What you have to do:
Only the text carries over: repeat the records exactly and drop the images.

━━━━━ Material supplied

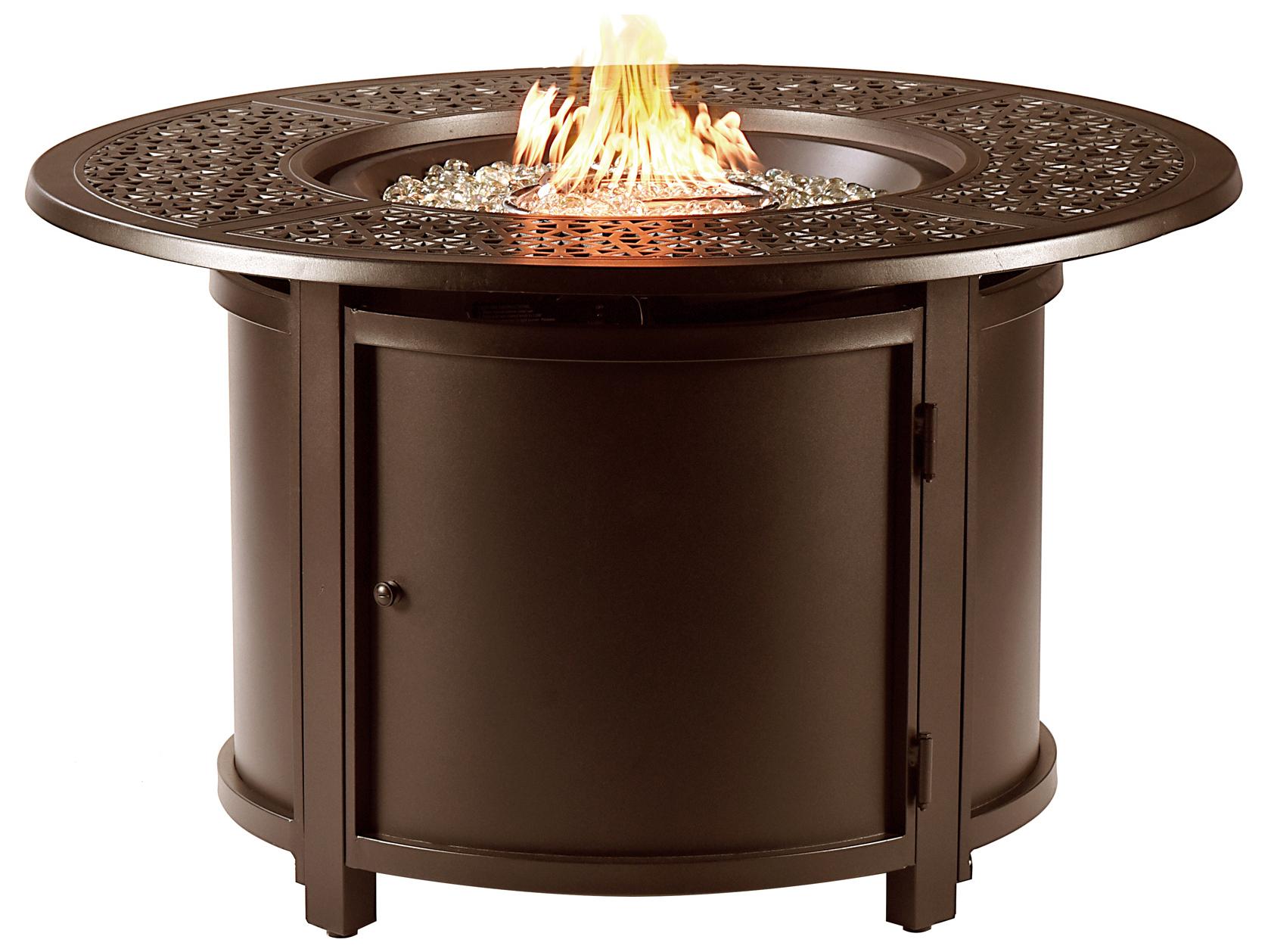 Oakland Living Round Aluminum Propane Outdoor Fire Pit Table with Glass Beads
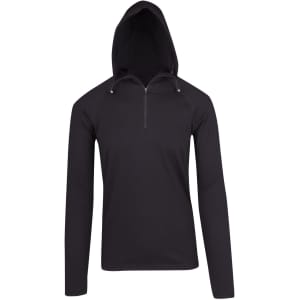 A black half-hood top for men with long sleeves and a zippered front, featuring an attached hood and a logo.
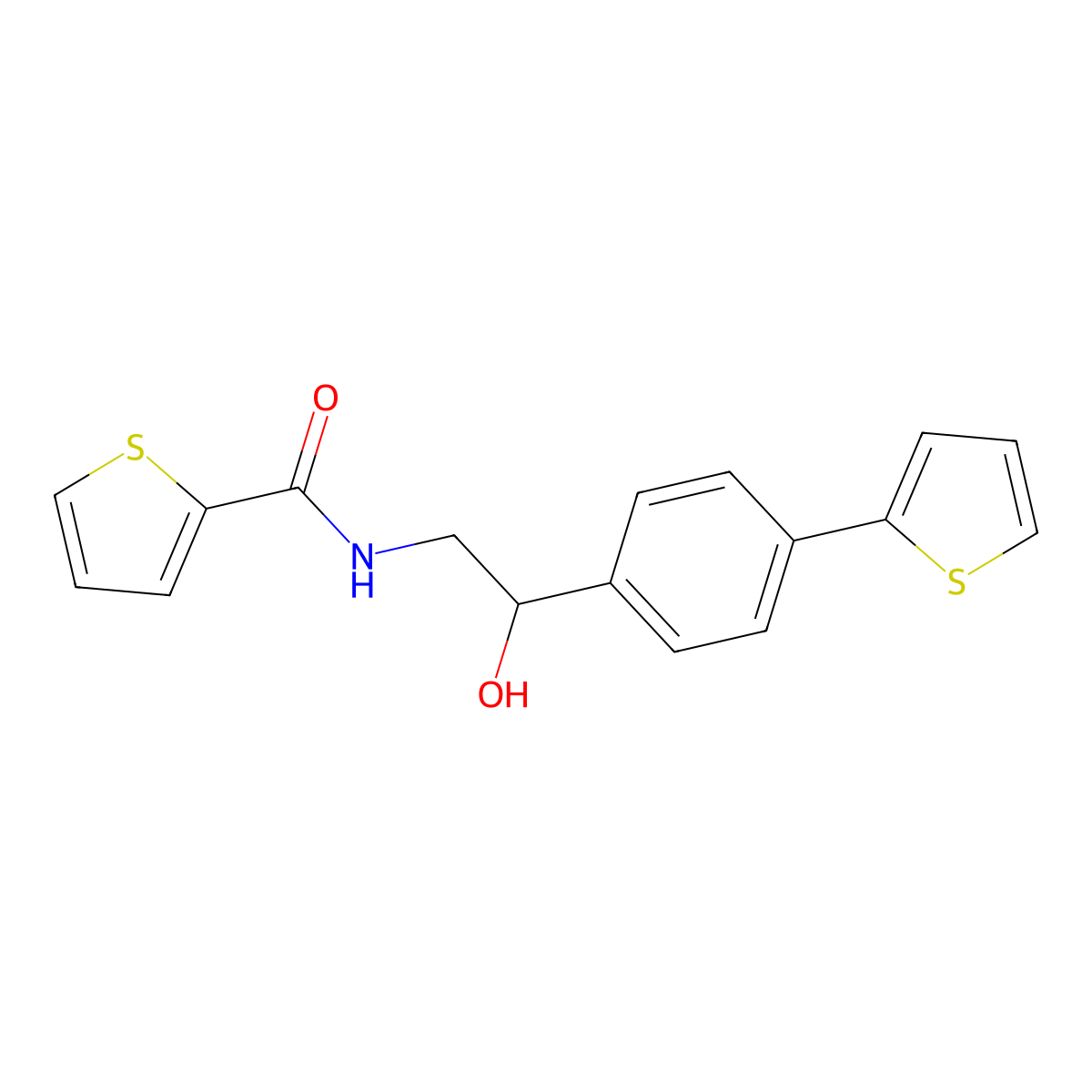 N-{2-hydroxy-2-[4-(thiophen-2-yl)phenyl]ethyl}thiophene-2-carboxamide molecular structure, CAS 2380177-93-3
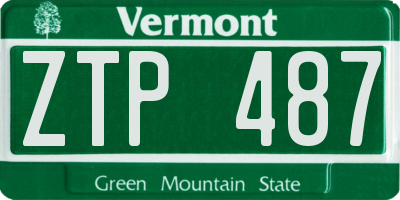 VT license plate ZTP487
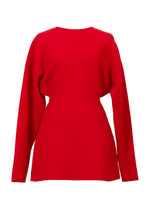 画像をギャラリービューアに読み込む, Wool Cashmere Knit Mini Dress | Cherry Red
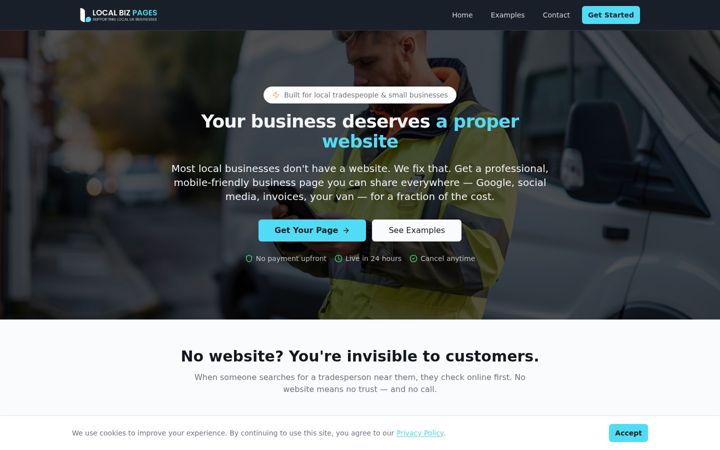 Screenshot of localbizpages.co.uk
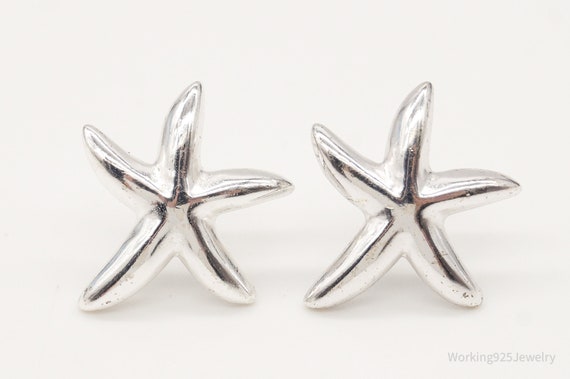 Vintage Starfish Sterling Silver Earrings - image 1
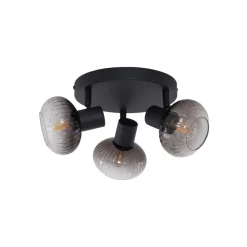 Qazqa opbouwspots teddy zwart e14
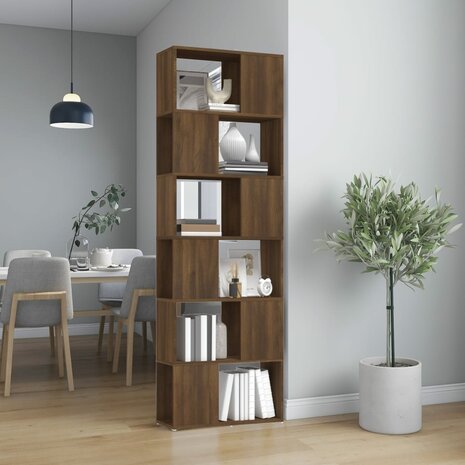 Boekenkast/kamerscherm 60x24x186 cm bruin eikenkleur 8720287125150 1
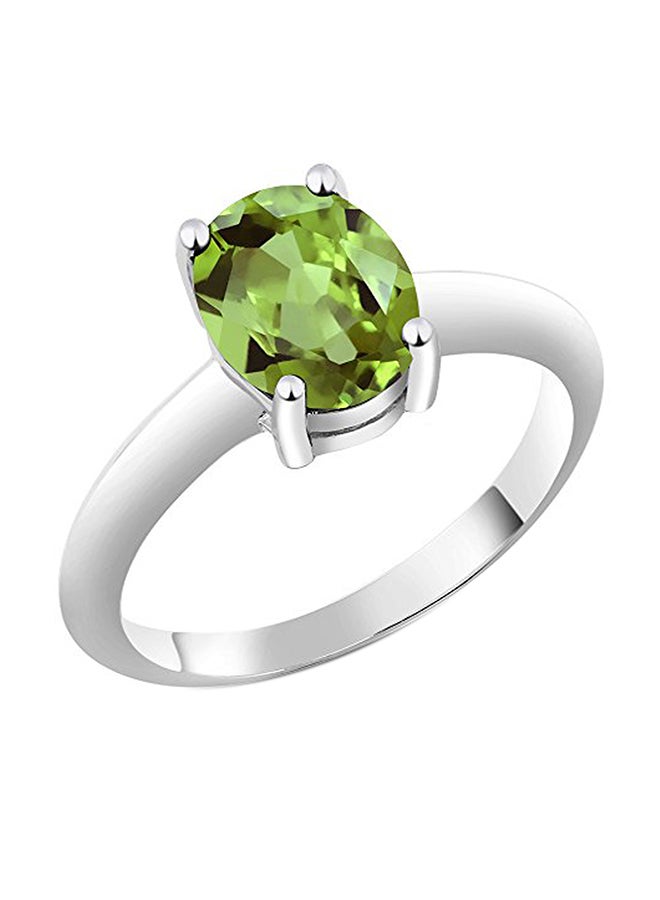 GEM STONE KING Sterling Silver Oval Peridot Birthstone Ring - Image 1
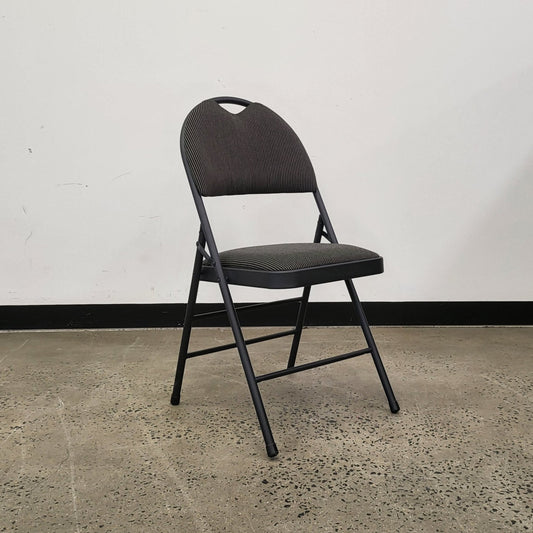 Upholstered Metal Folding Chair in Grey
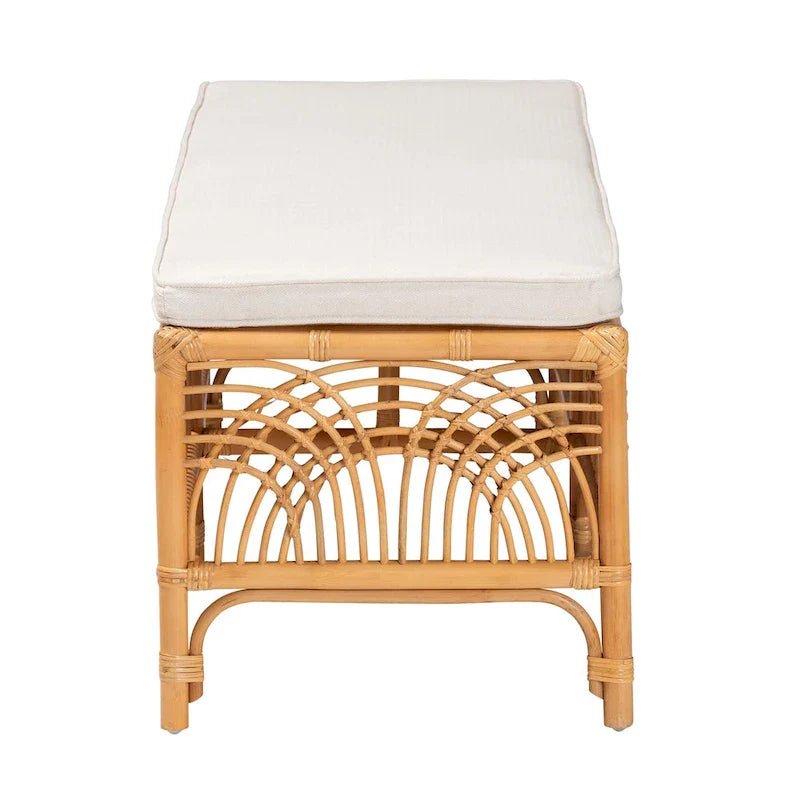 Bali & Pari Materra Contemporary Bohemian Natural Brown Rattan Bench 4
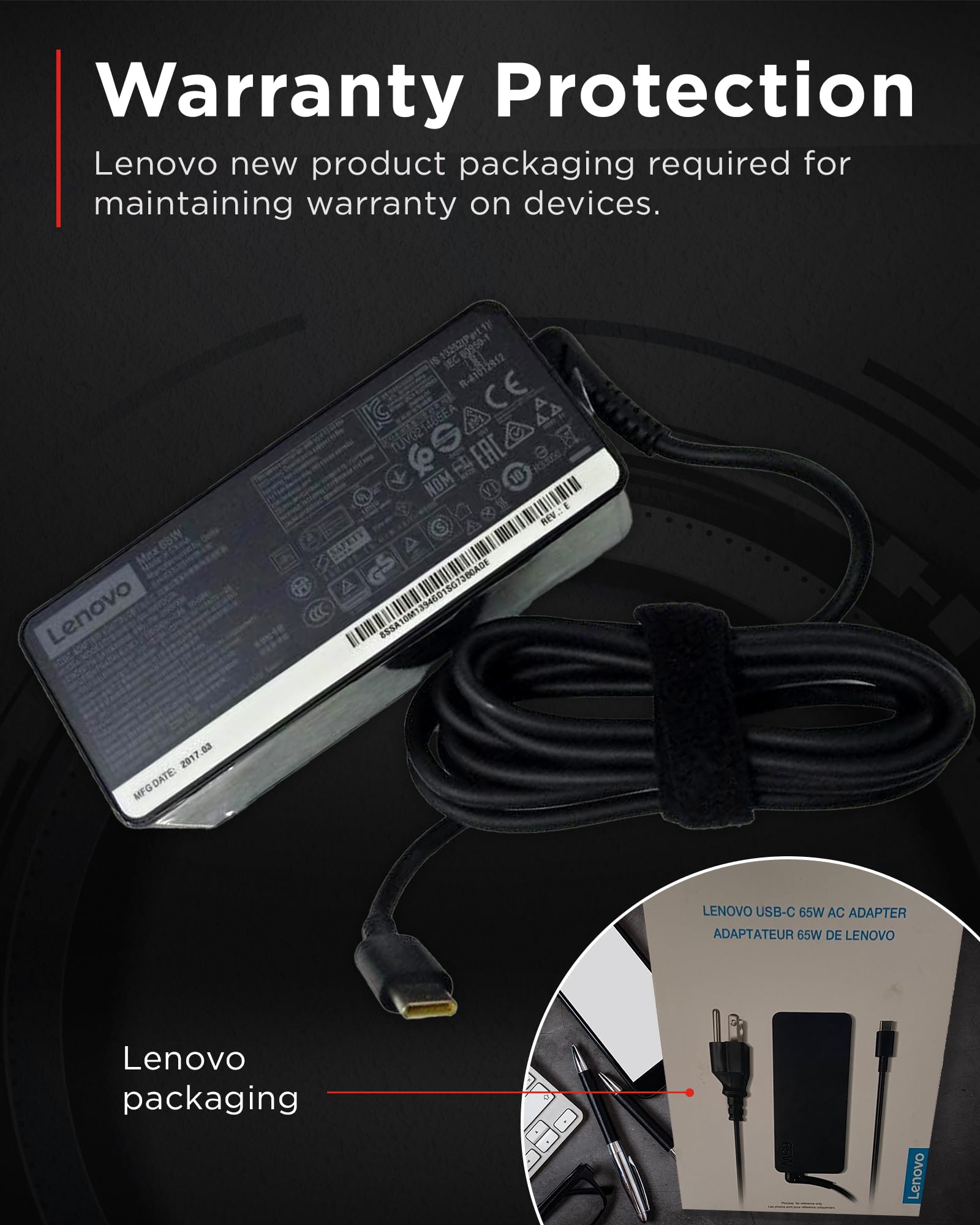 Lenovo Usb C 65W Standard Ac Adapter For Lenovo Yoga C930 13, Yoga S730 13, Yoga 920 13, Yoga 730 13, Ideapad 730S 13, Gx20P9253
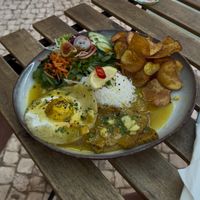 rice, chips & vegan egg   at Armazem Integral in Portimao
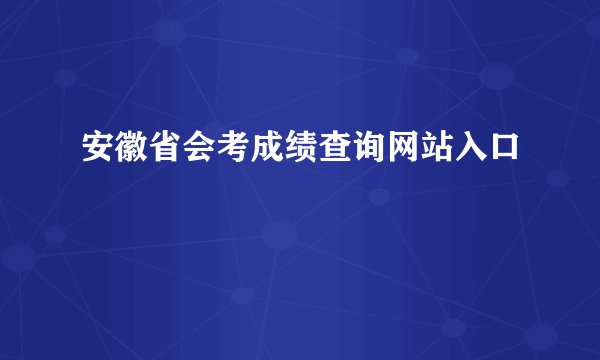 安徽省会考成绩查询网站入口
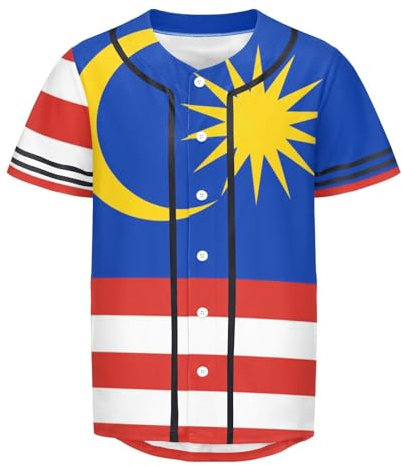 ILmira Herren Baseball-T-Shirt, Motiv: Malaysia-Flagge, Button-Down-Trikot, Hipster, Hip-Hop-T-Shirt, mehrfarbig, XXL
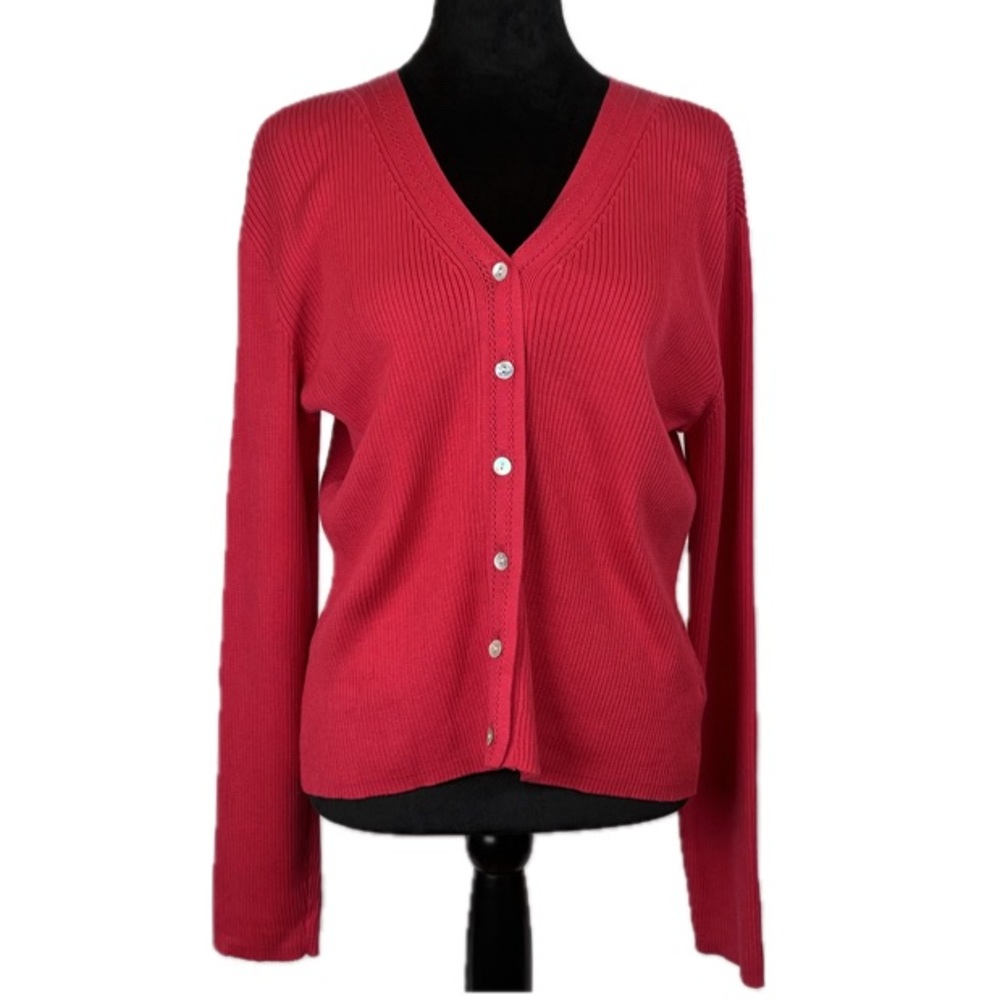 100% Ribbed Cotton Cardigan Sweater M HOT Pink Long Sleeve Pointelle Detail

━━━━━━━━━━

Final answer:
 Oakland Living Round Aluminum Propane Outdoor Fire Pit Table with Glass Beads
 A black half-hood top for men with long sleeves and a zippered front, featuring an attached hood and a logo.
 N-{2-hydroxy-2-[4-(thiophen-2-yl)phenyl]ethyl}thiophene-2-carboxamide molecular structure, CAS 2380177-93-3
 VT license plate ZTP487
 画像をギャラリービューアに読み込む, Wool Cashmere Knit Mini Dress | Cherry Red
 Screenshot of localbizpages.co.uk
 Vintage Starfish Sterling Silver Earrings - image 1
 Qazqa opbouwspots teddy zwart e14
 Boekenkast/kamerscherm 60x24x186 cm bruin eikenkleur 8720287125150 1
 GEM STONE KING Sterling Silver Oval Peridot Birthstone Ring - Image 1
 Upholstered Metal Folding Chair in Grey
 Bali & Pari Materra Contemporary Bohemian Natural Brown Rattan Bench 4
 Lenovo Usb C 65W Standard Ac Adapter For Lenovo Yoga C930 13, Yoga S730 13, Yoga 920 13, Yoga 730 13, Ideapad 730S 13, Gx20P9253
 rice, chips & vegan egg   at Armazem Integral in Portimao
 安徽省会考成绩查询网站入口
 ILmira Herren Baseball-T-Shirt, Motiv: Malaysia-Flagge, Button-Down-Trikot, Hipster, Hip-Hop-T-Shirt, mehrfarbig, XXL
 100% Ribbed Cotton Cardigan Sweater M HOT Pink Long Sleeve Pointelle Detail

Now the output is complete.